I think it’s an emerging concept that, whether or not it is real on an actual, physical level — meaning there’s some danger on Planet Earth — in our local environments, at least, it exists. Not only how we produce pollution, but how the things the we create and the objects we make outlive our physical bodies and could be fossilized and available for future generations. Also, secondly, as far as this age of human beings, our emotions, our intelligence, our psychology, all this [intangible] stuff, in a negative way, definitely exists. You can feel its presence, regardless of it being measurable in scientific terms.

We don’t just leave fossils in the ground, we leave digital fossils and fingerprints.
Yeah, exactly. Files even. The internet is a huge ocean of information. A lot of what is being used or can be used is being excavated.
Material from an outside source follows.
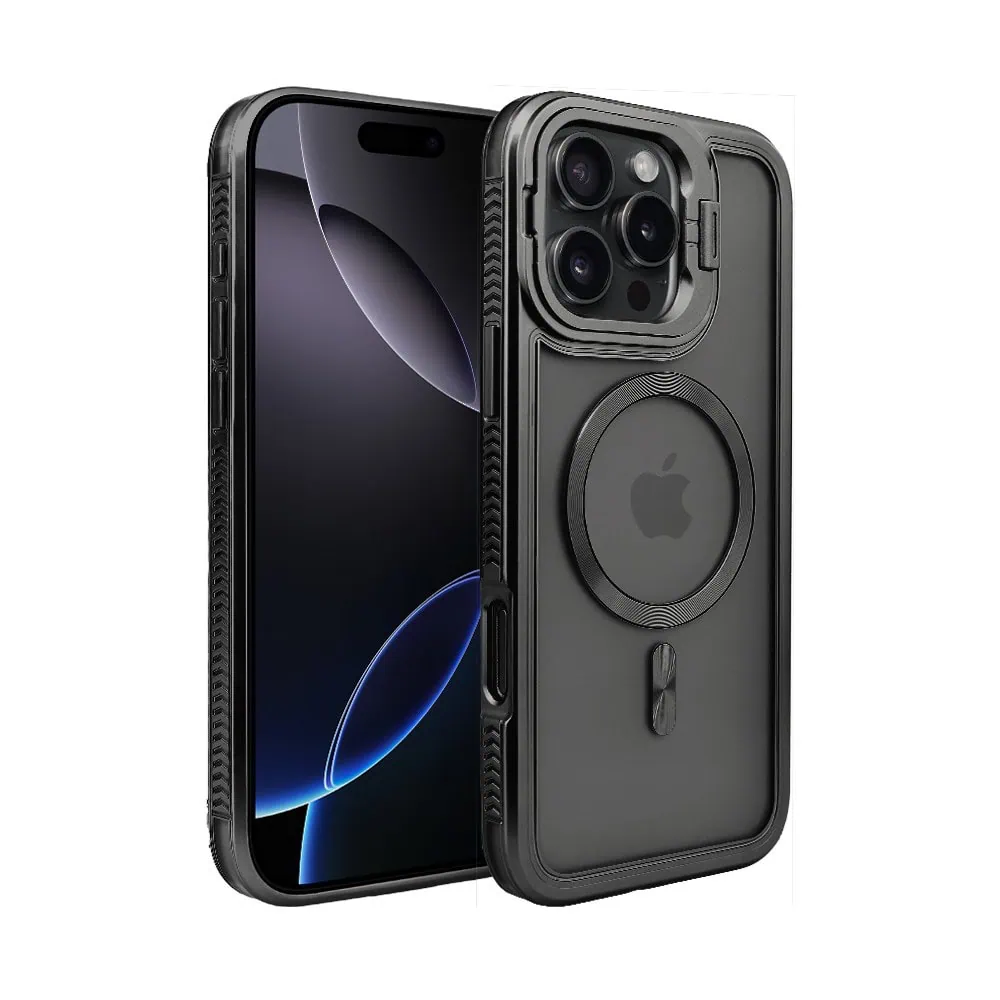 Etui do iPhone 16 Pro Max solidne, pogrubione boki, wbudowana podstawka, twardy tył z MagSafe, czarne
Did you make Human Story 3 with a place or a time in mind, the way Skid Row has ’90s L.A. in mind?
I actually didn’t. With Human Story 3, I just wanted it to come out as soon as possible after I was done making it.

Personally, Human Story reminded me of a Blade Runner time period — a future that’s different but still recognizable.
That makes sense to me. I think about Human Story 3 in a similar context, where it feels really hyper-ized in a lot of the emotions. Characteristics of the album in general are exaggerated or amplified. For me, that’s what brings in the futuristic qualities of it. It being really exaggerated and hyper relates to that Blade Runner time, where everything is exaggerated and in your face and overstimulated.
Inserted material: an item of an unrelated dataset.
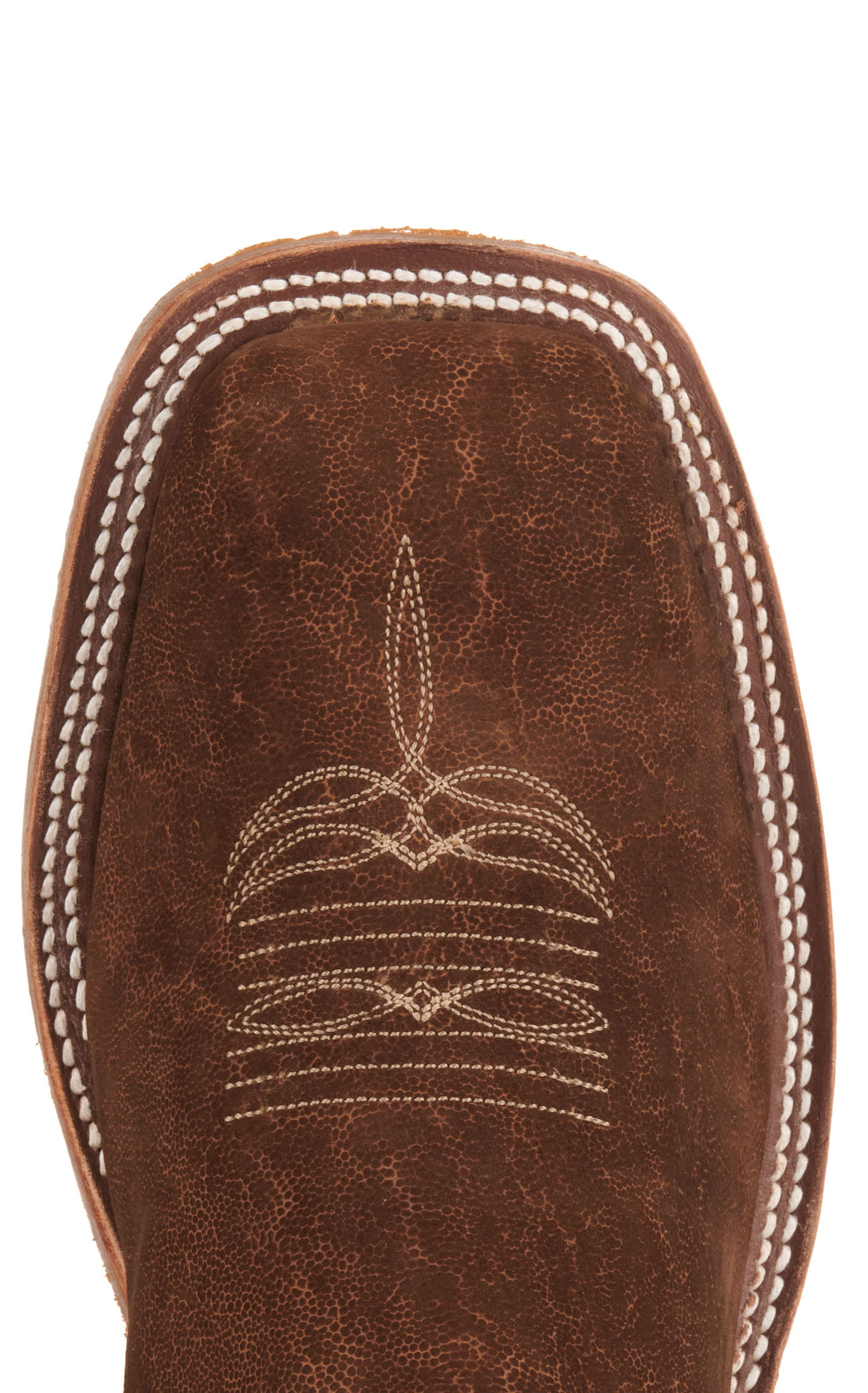 Anderson Bean Men's Tan Buffed Elephant and Bone Wide Square Toe Exotic Cowboy Boots - Image 1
Are you familiar with Bronze skate videos? It’s a series of YouTube skateboarding videos influenced by the vaporwave aesthetic. A recent one included a song of yours.
The vaporwave thing to me has always been pretty weird but exciting. Since day one, it’s been someone else’s interpretation of my work. A record I’d made created some new micro-trend in music, a journalist hopped onto it and labeled it, and then I’m like the grandfather of this new thing and I don’t even know what they’re talking about.

For me, it’s always been this thing that’s cool, but I don’t really know what it is. I never really paid that much attention to it. I think vaporwave in a nutshell was that they took this conceptual framework of Far Side Virtual, a record I did, and took the musical framework of my friend Dan Lopatin’s [a.k.a. Oneohtrix Point Never] weird DJ screw and chop tape. They took both of those things and blended them together and that was vaporwave. A few aesthetic things I had going on at the time were sucked into that. It’s hard for me to even gauge the extent to which vaporwave is actually a real thing.
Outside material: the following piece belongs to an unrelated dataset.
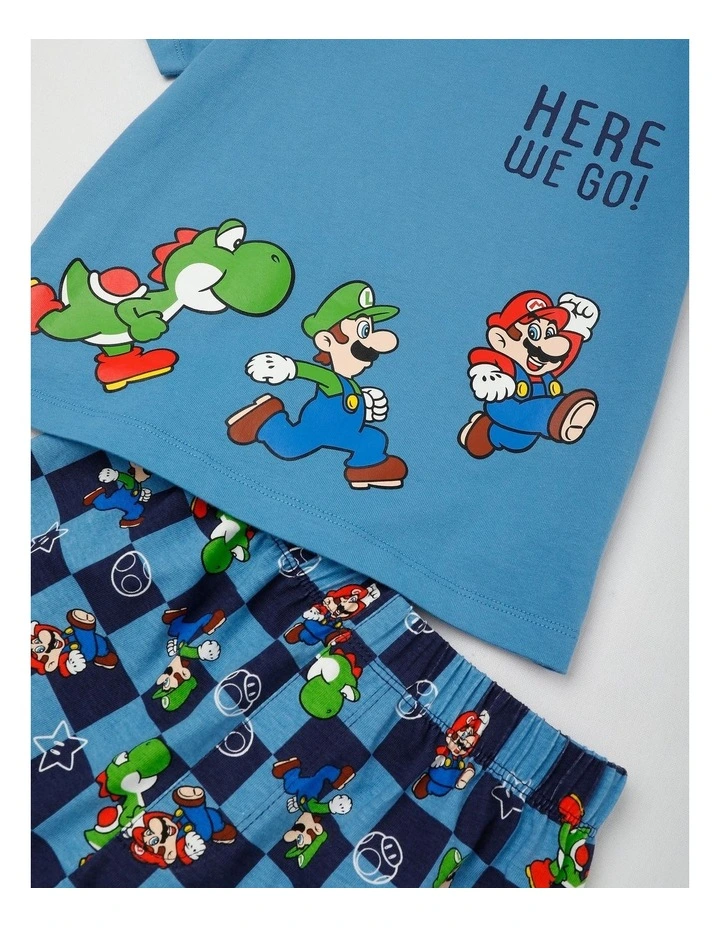 Super Mario Check Pyjamas With A Pillowcase in Bright Blue image 4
I think it’s totally a real thing, but unless you’re embedded in these subcultures — like experimental YouTube skate videos — you don’t encounter it so much.
Totally. It’s very specific. I’m not really into really specific, niche groups. I’ve always had an issue with that. My music for sure doesn’t function as music, per se. Of course it’s going to have a niche following, because it’s not something that exists on the universal principles of what we want music to function as. … [Where] we’re at, culturally, right now, you wouldn’t necessarily put on a record of mine to dance, but it’s actually changing. I’ve walked into parties and people have been playing my music, and that’s really interesting to me. I’m like, “Oh, the world’s changing.”

Where do you see yourself in ten or 15 years? What are you working on?
Before that ten-year period, I want to be working on large-scale productions, like operas or stage plays. I also want to be writing software in ten years. I want to use my artistic vision to merge [with technology] in a way that it can be experienced in music. I have ideas that could be albums, or could be software.